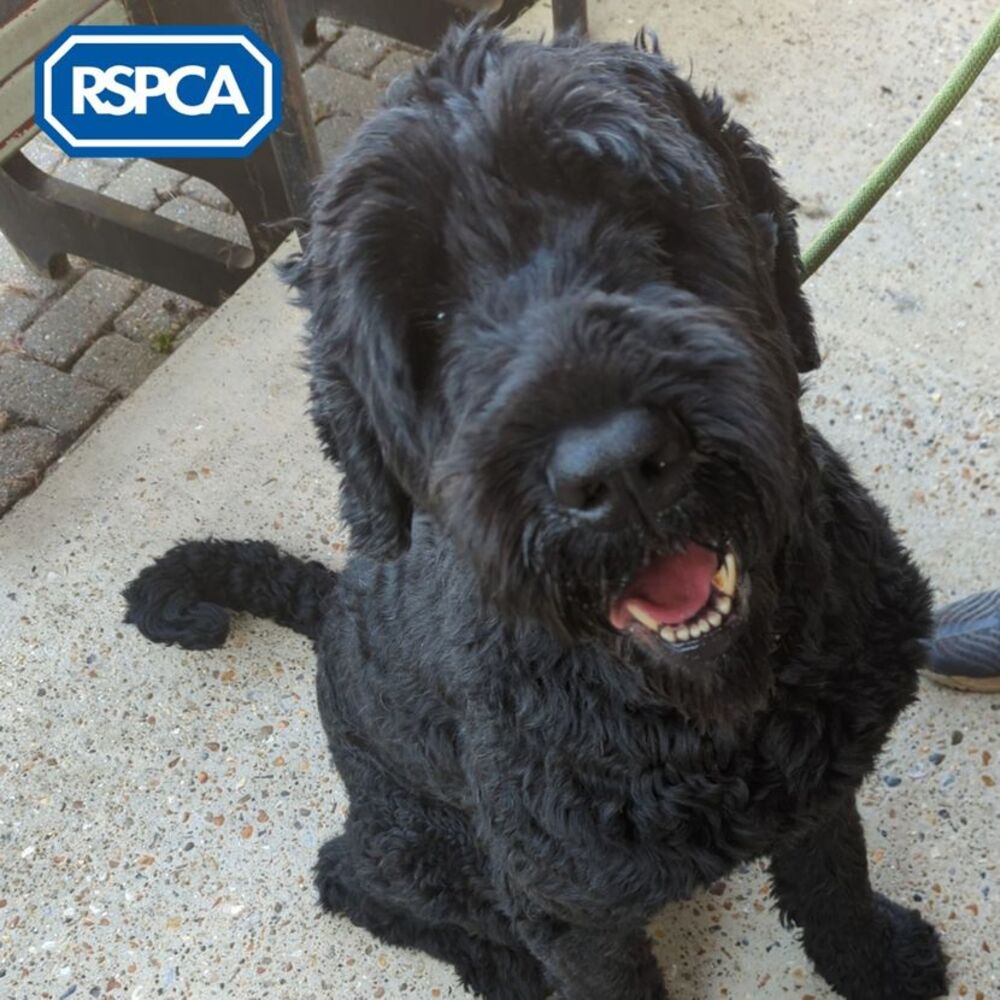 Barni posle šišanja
........
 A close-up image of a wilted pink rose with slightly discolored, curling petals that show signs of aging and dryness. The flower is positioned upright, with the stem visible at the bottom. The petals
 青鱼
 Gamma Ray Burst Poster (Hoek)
........
**Task item**
Above this task is a listing. Restate, word for word and with nothing added, the lines from the one with "A close-up image" through the one with "Gamma Ray Burst Poster (Hoek)".

**Result for this task**
 A close-up image of a wilted pink rose with slightly discolored, curling petals that show signs of aging and dryness. The flower is positioned upright, with the stem visible at the bottom. The petals
 青鱼
 Gamma Ray Burst Poster (Hoek)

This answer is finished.